So that our readers may the better perceive our teaching I shall clearly and broadly describe it. We treat of the forgiveness of sins in two ways. First, how it is achieved and won. Second, how it is distributed and given to us. Christ has achieved it on the cross, it is true. But he has not distributed or given it on the cross. He has not won it in the supper or sacrament. There he has distributed and given it through the Word, as also in the gospel, where it is preached. He has won it once for all on the cross. But the distribution takes place continuously, before and after, from the beginning to the end of the world. For inasmuch as he had determined once to achieve it, it made no difference to him whether he distributed it before or after, through his Word, as can easily be proved from Scripture. But now there is neither need nor time to do so.

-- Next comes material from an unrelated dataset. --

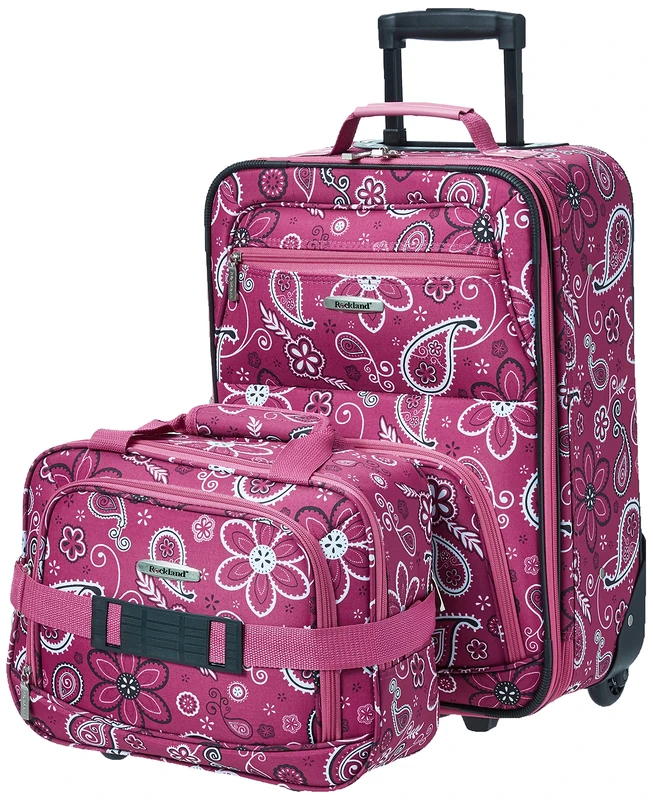 Rockland Fashion Softside Upright Luggage Set, Pink Bandana, 2-Piece Set (14/19), Fashion Softside Upright Luggage Set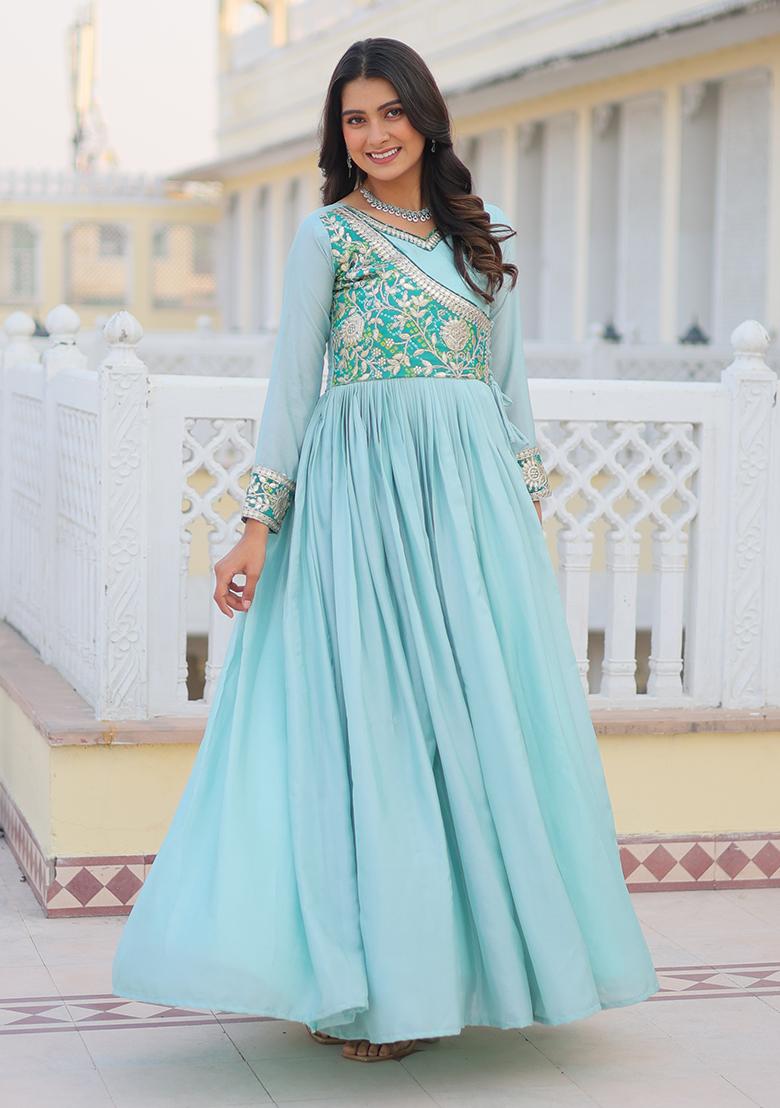 Sky Blue Thread Work Silk Gown - Indya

If now I seek the forgiveness of sins, I do not run to the cross, for I will not find it given there. Nor must I hold to the suffering of Christ, as Dr. Karlstadt trifles, in knowledge or remembrance, for I will not find it there either. But I will find in the sacrament or gospel the word which distributes, presents, offers, and gives to me that forgiveness which was won on the cross. Therefore, Luther has rightly taught that whoever has a bad conscience from his sins should go to the sacrament and obtain comfort, not because of the bread and wine, not because of the body and blood of Christ, but because of the word which in the sacrament offers, presents, and gives the body and blood of Christ, given and shed for me. Is that not clear enough?
Luther, Martin. (1999). Luther’s works, vol. 40: Church and Ministry II. (J. J. Pelikan, H. C. Oswald, & H. T. Lehmann, Eds.) (Vol. 40, pp. 213–214). Philadelphia: Fortress Press.